A recent NPR report asked listeners to solve a riddle: Jane and Maggie are sisters and were born minutes apart from each other to the same mother, but they are not twins. How is this possible?

The answer: because they’re triplets.

The answer to the riddle is rather simple but for most people, it’s a difficult one to come by. They’re unknowingly prevented from solving the riddle because of their own biases and limitations when thinking critically. Essentially, they hear about Jane and Maggie and they try to solve a problem for Jane and Maggie, not accounting for the possibility that there’s more to the puzzle they haven’t thought of yet.

The problem of limited critical thinking isn’t just riddles and hypotheticals. It occurs all the time in the real world––especially in the world of startups where entrepreneurs are attempting to use business or technical innovations to solve real-life problems for their customer base.

When going through discovery and ideation phases, founders and their teams rely on critical thinking skills to identify problems, recognize potential solutions and validate their MVPs (most valuable products).

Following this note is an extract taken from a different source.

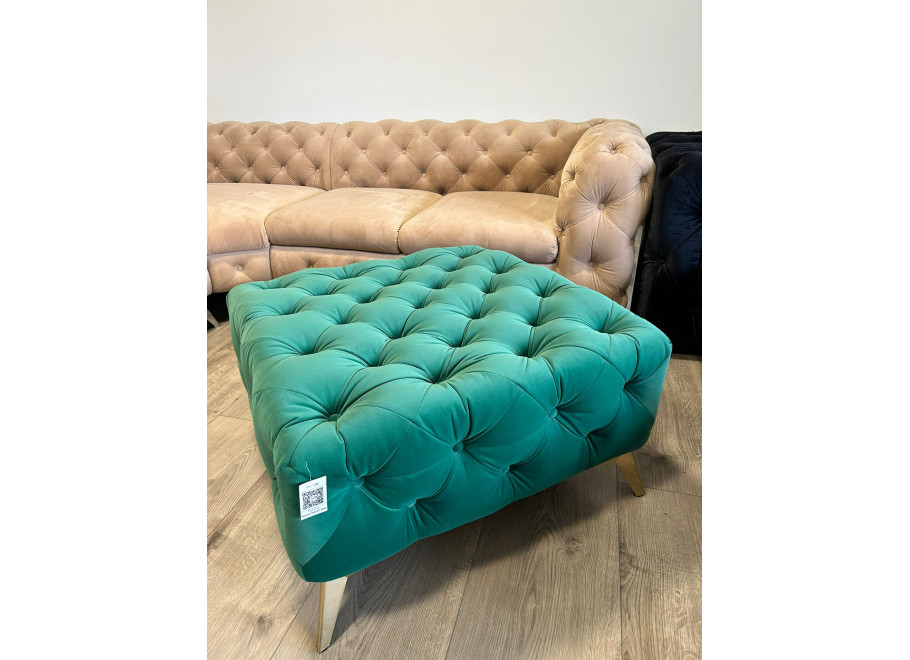 Puf pikowany Chesterfield jasna butelkowa zieleń 80x80 TEO 2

It makes logical sense that such business processes would be more successfully accomplished with teams that possess diverse thinking skills. But where does that diversity come from?

For some founders and entrepreneurs, it comes from their educational backgrounds, commonly thought to be undergraduate degrees in business management, entrepreneurial studies, STEM, and the like. But for many, it actually comes from academic fields of study in a broader range of subjects including humanities, liberal arts and fine arts.

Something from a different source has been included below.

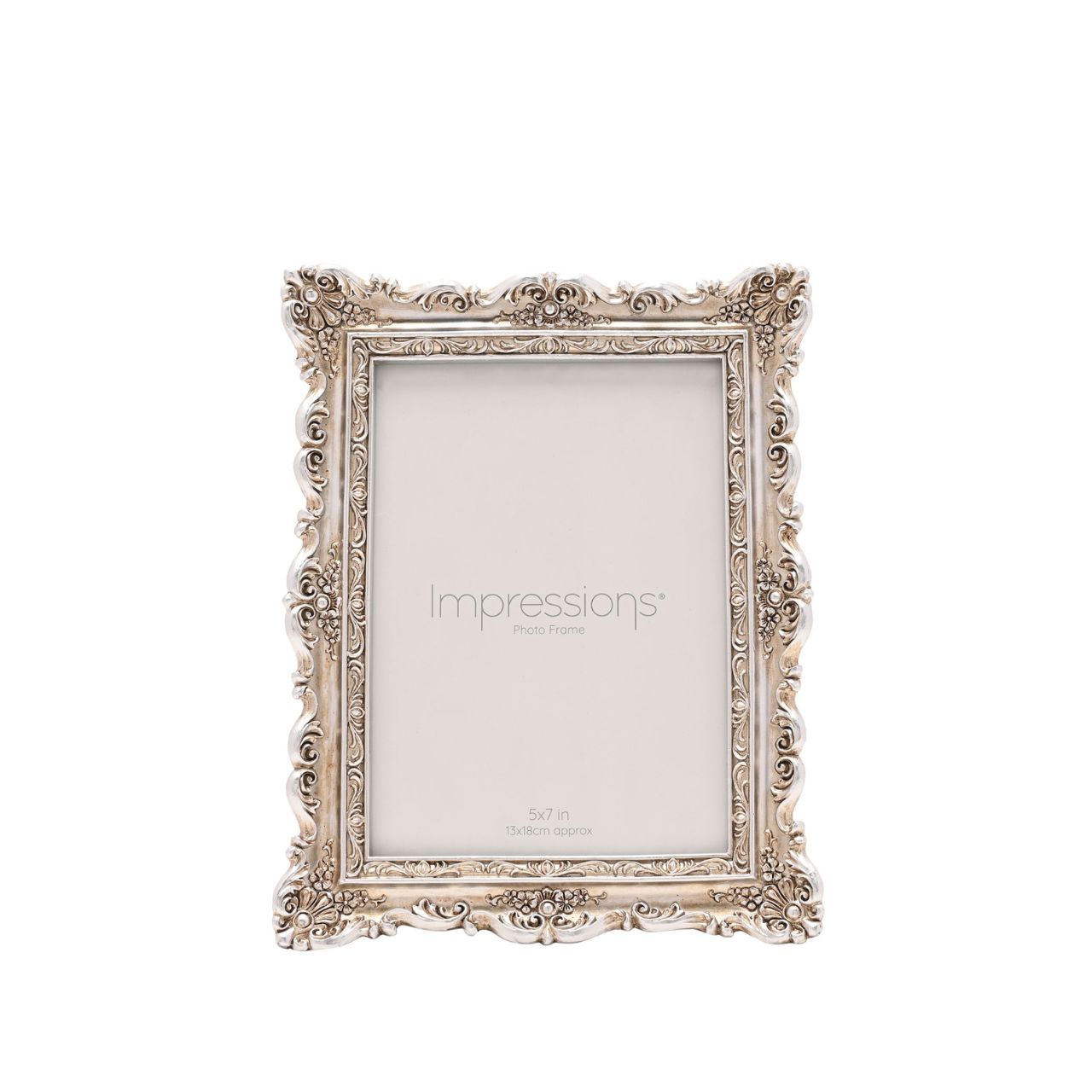 Introduce a touch of elegance to your decor with the Impressions Classical Design Resin Photo Frame 5" x 7". This ornate frame, with "Impressions" artfully printed on the glass surface, offers a stylish backdrop for your cherished memories.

According to an article by Jeffrey Mayes published in the peer-reviewed journal Informal Logic, the critical thinking skills taught in liberal arts courses are said to be durable and portable.

“That is, students’ critical thinking skills will last long after they leave the classroom, and will be applicable to a wide-range of subjects,” wrote Mayes. “The student who thinks critically in a philosophy class will think critically in a chemistry course, and will think critically in her post-graduate endeavors. As a critical thinker, she will be more successful in her personal and professional life, and be a better citizen.”

Liberal arts educations and the skills they instill in students can lead to professional success upon graduation, which can then lead to a well-developed talent pipeline in the university’s home community, which then translates into economic growth.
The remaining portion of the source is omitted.